With its repetitive, grinding, anti-bildungsroman narrative, The Crooked Line raises the question of the extent to which pleasure or entertainment are or should be the motives behind literature.  The book is at times painful to read, sometimes in a very passionate and compelling way, but more often in the "okay, I get it, you're in love with yet another older boy or girl, you're going to be crushed, you have overwhelming emotions" frustrating way.  The Crooked Line has clearly garnered critical praise and academic study, as it doubtless deserves, but all this raises the question: is Chughtai writing for academics, knowing that an audience of reflective critics will tease apart her motives and arguments, or writing for a wider audience?

Sunday, October 4, 2009

Education?

I have been wondering about the author's motive when looking at what has been written and where it happens. Well, first off I wonder why it is that Shaman's parents send her off to the school that they do, a very un-strict school in terms of Muslim religion, in the first place. Perhaps this is a consequence of the time and finding an all girls Muslim school is impossible, or was it just the way it was written. I wonder, and perhaps this is just obvious, had Shaman been sent to a very strict Muslim school would she have had all of these feelings? Could Chughtai have written the book in this way? Is it because she was given all this leeway in her place of education that she formed these thoughts? I have also been wondering how Chughtai got away with putting this book into print, after being tried for "The Quilt". This book is much more direct when dealing with the issues similar in "The Quilt". I don't think that if the setting was changed Chughtai would have gotten away with putting this book out there without a lot of backlash, perhaps there was some though, I guess that is something to research.

Quilt = Purdah

The quilt is strongly symbolic of purdah and homosexuality in the story, “The Quilt.” The quilt represents a veil to prevent people from seeing the homosexuality that exists in the community.
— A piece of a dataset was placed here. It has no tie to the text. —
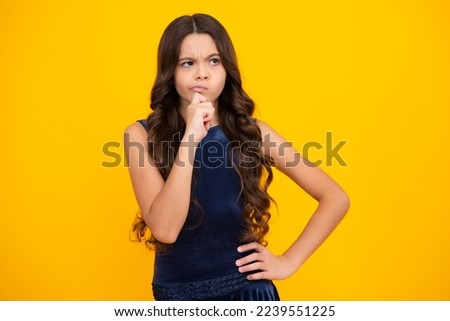 Thinking face, thoughtful emotions of teenager girl. Little kid girl 12,13, 14 years old on isolated background. Children studio portrait. Emotional kids face. Royalty-Free Stock Photo #2239551225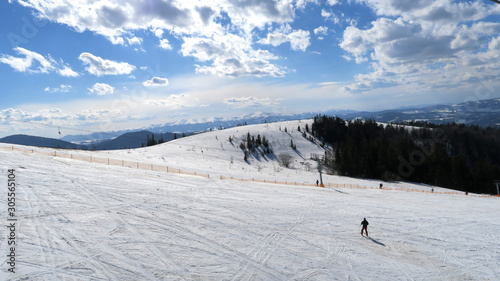 wonderful snowy mountain landscape in early spring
Observing purdah is to block a woman from public view, similar to how the quilt prevented the narrator from seeing what was going on under the quilt. Bejum Jan and Rabbo’s homosexual relationship is the woman who is observing purdah, the veil is the quilt, and the public view is the narrator. But it is not only the narrator that is being blocked from this view, the rest of the workers in the house are being blocked from it too, more so than the narrator. The other workers have knowledge of the homosexuality going on and the narrator gets a glimpse of it in the end but neither will say anything about it. Here homosexuality is to remain in purdah and to never enter public view, even though it is known to exist.